Monday, July 20, 2015

The Sorrow of Super Mario

When my son was born I would spend the early hours watching over him as my wife claimed some much needed, and well earned, sleep and entertain myself trying to solve the puzzles of a Nintendo 64. As my son grew we played these games together, father/son time as it were and slowly he developed the skills to beat me at every possible opportunity. The first time he completed the course on Mario Kart I can still remember the jumps for joy as he screamed "I did it! I did it!".

When he was six he came to me and said he wanted a Game Boy. As with any parent I showed hesitation but when I saw his friends on the school bus wified together and competing to score the winning goal, I realised it was the lone kid with the book who was the outsider. Games were no longer isolationist, now they were the social activity, bridging the gaps rather than building them. We did a deal, he learnt to read 'Green Eggs and Ham', and Santa was happy and brought him a brand new DS.

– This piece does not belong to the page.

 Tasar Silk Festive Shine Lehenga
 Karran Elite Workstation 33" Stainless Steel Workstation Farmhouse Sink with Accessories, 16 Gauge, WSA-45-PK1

These days the DS is long gone but we still spend time beating each other's scores on Star Wars on the old '64. It remains a time we can spend together, a time I can remember and enjoy. Few Japanese companies have genuinely created something new, many simply improving on previous ideas, something Apple is very good at if we're being honest. But while I've been travelling Nintendo lost someone who was part of my son and I growing up. And Mario is sad about that.